…a bit more of a journey this time; the losing weight thing. See, every other time I wanted to lose weight I was younger and had just had a baby or had never lost the baby weight. It was fairly easy to see the weight come off. I counted points, I exercised, it came off. Now, at one month away from 40 and with a thyroid issue that seems to ebb and flow with the tides it is much more difficult. I am doing well with all of my “tasks” as far as exercising and counting the points and I do feel good. I definitely know that my body feels better and I’m more focused on what I put in it in terms of types of food. I’ve been an organic girl for so long….I’m not talking about that. I’m talking about choosing a yogurt instead of a handful of cheez-its when I get hungry in the afternoon.
Anyway, I digress. Through this process being more difficult it creates a need for more soul-searching. I refuse to let my weight and the rate of weight loss determine how I feel about myself, my life, etc. I know that the Lord sees me as this amazing miracle, beautiful and in His image so I am not having beauty issues. I know my husband thinks I look fabulous so I’m not having lack of sexy issues. I know my body feels good so I’m not having lethargic issues. Here are my two issues:
- Is this weight my new normal? Is this just where my body is happy sitting now that it is a little older and battling it’s thyroid? I don’t know the answer to this. I am going to keep doing what I know to do and in the process I am going to try to wrap my brain around the possibility that the weight may need to be accepted and I may just need to work this hard at it the rest of my life.
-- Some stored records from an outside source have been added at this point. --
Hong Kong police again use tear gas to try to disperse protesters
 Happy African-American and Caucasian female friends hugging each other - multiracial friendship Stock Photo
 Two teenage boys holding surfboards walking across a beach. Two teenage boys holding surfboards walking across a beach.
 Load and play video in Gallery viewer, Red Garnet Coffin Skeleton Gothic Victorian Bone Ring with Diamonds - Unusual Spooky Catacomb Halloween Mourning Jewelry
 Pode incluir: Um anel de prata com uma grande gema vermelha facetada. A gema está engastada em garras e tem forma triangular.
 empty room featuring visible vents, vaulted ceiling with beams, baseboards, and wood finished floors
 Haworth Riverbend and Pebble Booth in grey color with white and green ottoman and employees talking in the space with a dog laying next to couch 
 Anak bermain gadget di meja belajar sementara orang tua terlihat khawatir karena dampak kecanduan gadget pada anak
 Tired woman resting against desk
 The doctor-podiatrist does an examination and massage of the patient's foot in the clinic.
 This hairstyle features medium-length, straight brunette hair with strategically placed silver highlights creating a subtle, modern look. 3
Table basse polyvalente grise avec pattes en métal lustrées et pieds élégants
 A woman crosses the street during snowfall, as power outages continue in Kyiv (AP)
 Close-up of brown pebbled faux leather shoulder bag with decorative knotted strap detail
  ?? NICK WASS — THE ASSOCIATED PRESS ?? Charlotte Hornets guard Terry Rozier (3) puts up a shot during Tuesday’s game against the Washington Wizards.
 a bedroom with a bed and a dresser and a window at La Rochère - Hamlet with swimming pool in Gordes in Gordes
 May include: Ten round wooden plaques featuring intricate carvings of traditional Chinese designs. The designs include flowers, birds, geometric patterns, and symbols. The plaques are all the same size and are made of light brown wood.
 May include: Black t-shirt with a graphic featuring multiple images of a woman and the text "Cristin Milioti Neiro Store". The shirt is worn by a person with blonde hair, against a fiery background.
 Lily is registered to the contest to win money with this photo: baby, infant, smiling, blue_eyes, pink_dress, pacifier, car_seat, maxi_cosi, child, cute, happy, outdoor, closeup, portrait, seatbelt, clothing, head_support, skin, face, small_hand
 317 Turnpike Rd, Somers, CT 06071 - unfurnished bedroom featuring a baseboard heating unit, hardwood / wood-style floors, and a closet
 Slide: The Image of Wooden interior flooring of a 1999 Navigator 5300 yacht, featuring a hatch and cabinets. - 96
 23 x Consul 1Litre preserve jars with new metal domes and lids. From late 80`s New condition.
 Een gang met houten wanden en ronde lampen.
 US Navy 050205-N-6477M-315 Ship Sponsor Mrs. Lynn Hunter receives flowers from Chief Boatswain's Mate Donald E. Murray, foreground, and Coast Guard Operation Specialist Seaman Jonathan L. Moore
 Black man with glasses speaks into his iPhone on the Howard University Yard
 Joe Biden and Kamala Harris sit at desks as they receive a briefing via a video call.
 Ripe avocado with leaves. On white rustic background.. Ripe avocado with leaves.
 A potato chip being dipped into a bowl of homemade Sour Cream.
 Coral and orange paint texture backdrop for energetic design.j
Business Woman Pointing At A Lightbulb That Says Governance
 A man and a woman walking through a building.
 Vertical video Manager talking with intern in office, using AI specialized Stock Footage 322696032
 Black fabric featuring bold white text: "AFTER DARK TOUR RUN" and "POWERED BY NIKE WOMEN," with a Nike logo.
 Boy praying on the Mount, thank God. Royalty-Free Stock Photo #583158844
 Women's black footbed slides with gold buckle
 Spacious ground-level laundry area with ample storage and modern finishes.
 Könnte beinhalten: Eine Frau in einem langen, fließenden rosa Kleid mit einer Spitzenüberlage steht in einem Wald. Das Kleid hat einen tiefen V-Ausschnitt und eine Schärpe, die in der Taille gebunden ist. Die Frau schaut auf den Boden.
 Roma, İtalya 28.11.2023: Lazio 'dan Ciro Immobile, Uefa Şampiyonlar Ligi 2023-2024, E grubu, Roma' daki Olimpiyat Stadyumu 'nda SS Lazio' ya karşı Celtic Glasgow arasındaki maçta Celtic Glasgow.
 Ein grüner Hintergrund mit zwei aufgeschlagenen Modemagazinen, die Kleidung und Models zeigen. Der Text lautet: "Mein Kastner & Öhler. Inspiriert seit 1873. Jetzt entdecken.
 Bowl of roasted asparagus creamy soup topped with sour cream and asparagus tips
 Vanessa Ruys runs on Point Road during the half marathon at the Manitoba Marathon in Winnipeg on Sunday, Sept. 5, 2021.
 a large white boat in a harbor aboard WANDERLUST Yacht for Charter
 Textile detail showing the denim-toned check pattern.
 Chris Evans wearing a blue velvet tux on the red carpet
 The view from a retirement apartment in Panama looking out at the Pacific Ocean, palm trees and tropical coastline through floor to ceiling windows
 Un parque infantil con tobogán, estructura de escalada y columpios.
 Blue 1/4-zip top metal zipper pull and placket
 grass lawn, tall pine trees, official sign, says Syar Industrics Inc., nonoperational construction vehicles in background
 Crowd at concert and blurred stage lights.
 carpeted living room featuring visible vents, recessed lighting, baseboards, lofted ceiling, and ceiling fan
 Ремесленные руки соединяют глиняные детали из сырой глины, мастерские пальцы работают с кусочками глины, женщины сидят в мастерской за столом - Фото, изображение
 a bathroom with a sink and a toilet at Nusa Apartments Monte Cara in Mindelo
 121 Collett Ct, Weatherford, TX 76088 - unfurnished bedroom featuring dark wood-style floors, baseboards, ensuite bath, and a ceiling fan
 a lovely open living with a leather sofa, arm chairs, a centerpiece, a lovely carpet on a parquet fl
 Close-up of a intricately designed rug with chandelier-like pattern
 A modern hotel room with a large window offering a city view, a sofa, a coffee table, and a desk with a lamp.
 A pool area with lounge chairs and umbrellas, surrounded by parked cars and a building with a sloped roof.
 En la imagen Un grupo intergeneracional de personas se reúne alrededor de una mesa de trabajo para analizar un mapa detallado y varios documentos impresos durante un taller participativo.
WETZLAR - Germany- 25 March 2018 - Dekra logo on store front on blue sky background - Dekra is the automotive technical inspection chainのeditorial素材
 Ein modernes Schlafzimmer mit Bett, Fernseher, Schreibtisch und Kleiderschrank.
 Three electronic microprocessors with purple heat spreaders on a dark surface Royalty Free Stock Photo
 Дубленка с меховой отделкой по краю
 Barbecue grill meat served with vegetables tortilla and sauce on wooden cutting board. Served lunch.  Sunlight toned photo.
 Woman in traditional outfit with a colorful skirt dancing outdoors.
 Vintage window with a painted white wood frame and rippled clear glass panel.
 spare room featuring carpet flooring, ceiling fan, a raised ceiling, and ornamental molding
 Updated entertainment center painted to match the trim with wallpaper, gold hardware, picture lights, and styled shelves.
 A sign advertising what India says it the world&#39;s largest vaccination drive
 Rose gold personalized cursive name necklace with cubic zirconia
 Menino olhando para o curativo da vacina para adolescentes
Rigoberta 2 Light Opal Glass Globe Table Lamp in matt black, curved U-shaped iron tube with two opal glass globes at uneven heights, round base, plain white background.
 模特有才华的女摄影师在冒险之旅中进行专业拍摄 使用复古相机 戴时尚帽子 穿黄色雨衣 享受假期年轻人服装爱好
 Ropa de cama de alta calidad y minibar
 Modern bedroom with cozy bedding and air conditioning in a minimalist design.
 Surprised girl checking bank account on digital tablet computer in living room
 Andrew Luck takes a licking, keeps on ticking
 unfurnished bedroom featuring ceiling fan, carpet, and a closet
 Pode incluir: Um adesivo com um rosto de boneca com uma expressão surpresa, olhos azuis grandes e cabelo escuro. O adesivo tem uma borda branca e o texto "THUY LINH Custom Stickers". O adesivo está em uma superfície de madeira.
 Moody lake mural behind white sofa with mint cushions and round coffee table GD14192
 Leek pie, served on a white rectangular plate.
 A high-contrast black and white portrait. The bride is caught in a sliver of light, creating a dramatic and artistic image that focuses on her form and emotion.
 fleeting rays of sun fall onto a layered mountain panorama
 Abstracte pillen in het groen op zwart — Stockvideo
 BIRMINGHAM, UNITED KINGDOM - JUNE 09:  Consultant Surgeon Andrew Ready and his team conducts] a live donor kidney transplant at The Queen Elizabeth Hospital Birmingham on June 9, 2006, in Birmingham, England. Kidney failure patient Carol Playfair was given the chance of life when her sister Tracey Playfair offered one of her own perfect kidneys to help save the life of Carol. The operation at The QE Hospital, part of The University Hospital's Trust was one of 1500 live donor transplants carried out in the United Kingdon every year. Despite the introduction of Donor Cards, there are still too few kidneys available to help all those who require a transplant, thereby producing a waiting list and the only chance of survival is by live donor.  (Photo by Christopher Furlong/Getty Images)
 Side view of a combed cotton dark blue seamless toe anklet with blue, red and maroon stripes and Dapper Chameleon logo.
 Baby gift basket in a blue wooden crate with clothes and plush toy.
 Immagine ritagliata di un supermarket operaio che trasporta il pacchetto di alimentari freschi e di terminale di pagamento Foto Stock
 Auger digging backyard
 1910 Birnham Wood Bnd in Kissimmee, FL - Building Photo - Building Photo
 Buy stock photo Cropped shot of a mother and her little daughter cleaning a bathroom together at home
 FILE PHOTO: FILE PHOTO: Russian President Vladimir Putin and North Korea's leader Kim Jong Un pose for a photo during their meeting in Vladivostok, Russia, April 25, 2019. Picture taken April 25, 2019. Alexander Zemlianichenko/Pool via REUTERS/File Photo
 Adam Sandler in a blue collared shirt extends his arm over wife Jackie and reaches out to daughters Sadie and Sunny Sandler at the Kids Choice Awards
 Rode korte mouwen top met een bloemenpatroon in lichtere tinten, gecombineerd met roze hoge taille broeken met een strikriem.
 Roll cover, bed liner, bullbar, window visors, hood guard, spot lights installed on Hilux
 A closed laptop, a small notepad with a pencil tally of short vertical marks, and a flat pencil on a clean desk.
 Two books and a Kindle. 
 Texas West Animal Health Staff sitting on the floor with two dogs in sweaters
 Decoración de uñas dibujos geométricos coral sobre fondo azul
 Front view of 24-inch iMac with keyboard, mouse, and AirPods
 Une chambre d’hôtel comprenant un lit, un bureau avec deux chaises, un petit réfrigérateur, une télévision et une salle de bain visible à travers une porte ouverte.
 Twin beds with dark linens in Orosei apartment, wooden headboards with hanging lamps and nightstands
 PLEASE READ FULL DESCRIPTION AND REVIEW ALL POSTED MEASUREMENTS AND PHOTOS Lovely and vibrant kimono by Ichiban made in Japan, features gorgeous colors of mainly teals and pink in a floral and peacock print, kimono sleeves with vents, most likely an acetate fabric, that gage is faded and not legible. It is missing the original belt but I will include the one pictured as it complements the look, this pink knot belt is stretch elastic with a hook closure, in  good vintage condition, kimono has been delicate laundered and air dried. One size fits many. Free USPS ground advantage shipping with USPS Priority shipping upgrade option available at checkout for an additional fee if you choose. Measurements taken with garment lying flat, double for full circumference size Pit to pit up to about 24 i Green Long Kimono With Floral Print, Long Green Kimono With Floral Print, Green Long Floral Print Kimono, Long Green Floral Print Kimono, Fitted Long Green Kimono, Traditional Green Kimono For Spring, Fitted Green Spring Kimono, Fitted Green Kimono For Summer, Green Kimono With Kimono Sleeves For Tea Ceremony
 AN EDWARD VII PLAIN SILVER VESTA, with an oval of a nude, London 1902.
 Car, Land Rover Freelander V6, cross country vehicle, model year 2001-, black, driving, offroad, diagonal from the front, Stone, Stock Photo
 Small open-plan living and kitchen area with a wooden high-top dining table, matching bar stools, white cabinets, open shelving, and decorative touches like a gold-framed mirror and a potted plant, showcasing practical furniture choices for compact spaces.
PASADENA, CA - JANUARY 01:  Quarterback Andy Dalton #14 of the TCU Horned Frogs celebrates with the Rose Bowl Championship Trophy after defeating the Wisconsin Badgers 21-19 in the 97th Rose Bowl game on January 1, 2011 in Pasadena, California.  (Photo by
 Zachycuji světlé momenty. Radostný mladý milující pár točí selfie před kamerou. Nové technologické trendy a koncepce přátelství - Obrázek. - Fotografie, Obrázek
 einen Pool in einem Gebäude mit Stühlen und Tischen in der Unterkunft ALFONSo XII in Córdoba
- How do I allow my desire to control my weight and my desire for a creative life to co-exist? It’s no secret that I love to cook and I love to bake. It’s such a part of my life. Fortunately other than the baking I am a healthy cook. I take time in preparing my meals and making sure they are balanced and healthy and I can live with portion control (I’ve discovered this is definitely an issue for me…portion control). I really believe I can change my habits into emphasizing portion control. But how do I incorporate baking into my life? I don’t eat a lot of what I bake but I do eat it. With my points allotment, and the possible fact that I will need to live in that the rest of my life, there is NO room for any treats. I can’t live with that. I want to enjoy my life. I want to bake because it brings me such joy and calm and it’s a dream I always had for my children: a mom that bakes yummy things. It is part of this creative life I want to live. This is my biggest quandry. The practical person in my can deal with everything else. I just don’t quite know how to deal with this part.
So there it is. The journey I am taking right now and the things I am trying to figure out. It’s at this time I’m glad that I don’t tend to be an overly emotional person because I have a feeling this could send a lot of people into tailspins.